Who had their lives altered yesterday...you know who you are...we love you and are thinking about you. Please call or write if we can help at all.

Monday, July 28, 2008

Quick Weekend Update

I need to be working this morning, and I'm battling the worst morning sickness I've had so far, so this will have to be quick.

Saturday we went to the Chattahoochee Nature Center (the link to its website isn't working right now, but it normally is here) to attend a ranger-led baby nature walk (it's supposed to discuss which plants are safe to touch and other things possibly encountered at two feet tall) and to see the butterfly release. Apparently, the Nature Center typically releases all butterflies on one day each July, making a big festival out of it. However, this year, because construction is underway for a new wildlife center, they spread it over several weekends this month, and this past weekend was the last release.

The infant walk was canceled, so we just walked through the gardens for an hour. It was hot as Hades, and Caetlin really wanted to run around but she kept picking the flowers, so she spent a good chunk of time on Bruce's shoulders.
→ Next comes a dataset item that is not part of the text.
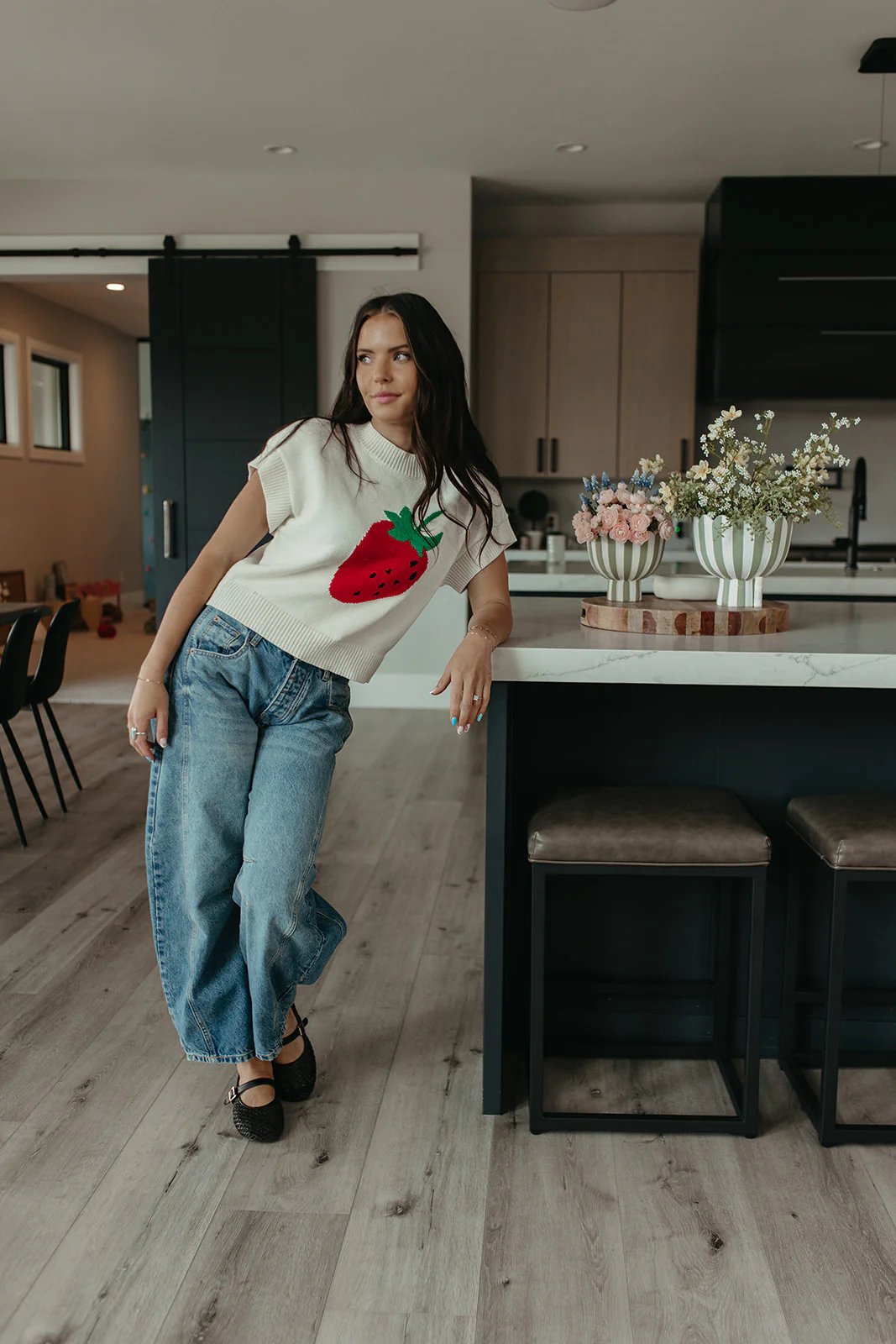 THE DELANEY STRAWBERRY KNIT TOP - Image 4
We did get to see a sleeping beaver (verdict: much larger than I thought it would be) and a number of birds in the aviary. However, when it came to the butterfly release, we bailed. Turns out you have to get there early to get a good seat, and early did not work for Caetlin. You can't expect a 2 year old to just sit and wait for 20 minutes, when nothing is happening to keep her attention. It was also a madhouse. Completely packed, with people just barrelling through the doors, getting snippy that we were blocking their way by trying to get in the door the other direction. We've been there a couple of times before and it was never so crowded.
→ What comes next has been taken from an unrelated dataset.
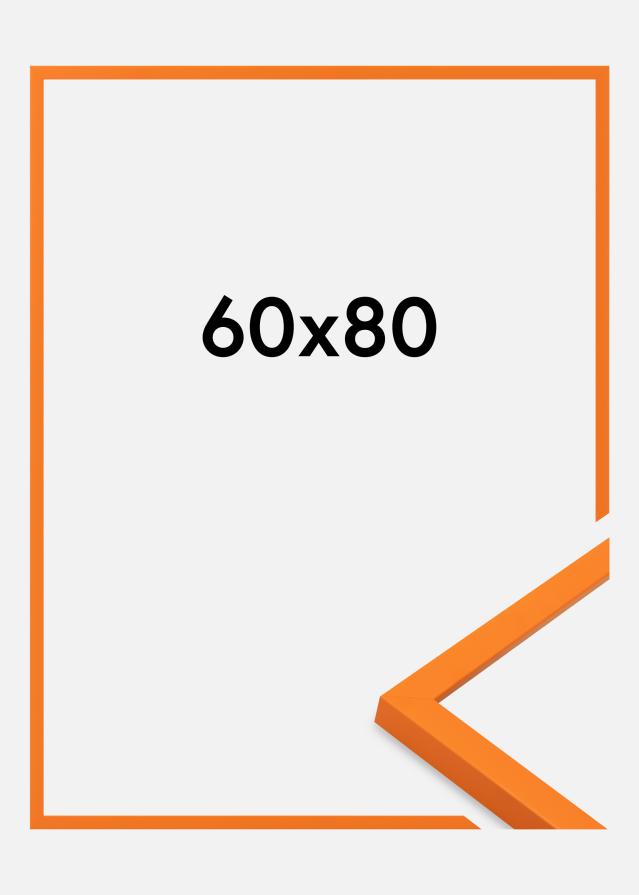 Cadre Kent Verre Acrylique Orange 60x80 cm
So, no baby nature walk and no butterfly release. The Nature Center was a big bust this time, though we did get bird seed for our hopefully more squirrel resistant bird feeder (they have destroyed two feeders in the last couple of months). The rest of the day was errands and miscellaneous. It was a miscellaneous kind of day.
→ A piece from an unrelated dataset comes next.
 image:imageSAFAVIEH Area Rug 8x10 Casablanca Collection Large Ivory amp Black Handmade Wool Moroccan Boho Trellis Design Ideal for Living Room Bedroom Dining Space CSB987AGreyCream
Sunday was awesome- Six Flags! We had a blast, despite it being about 1000 degrees outside. We actually bought a pass for 6 more visits by November 2, because I think we'll be going back when it is cooler. Caetlin had a great time, especially in Thomas Town (dedicated to the characters of Thomas the Tank Engine) where there is a little kid train ride that we stayed on three times and a playground. She also liked looking at all the people and things- she was just blown away by it all. Also loved the roller coasters (looking at them, of course), saying, "Hello choo choo train!" and "Bye bye train!" when the cars whooshed around overhead. No pictures, unfortunately- I forgot my camera. Next time.

We also saw The Dark Knight, and oh my, was it good. Wonderful performances from Heath Ledger and Aaron Eckhardt, a thought-provoking story and great visuals. More on that later, if I get time.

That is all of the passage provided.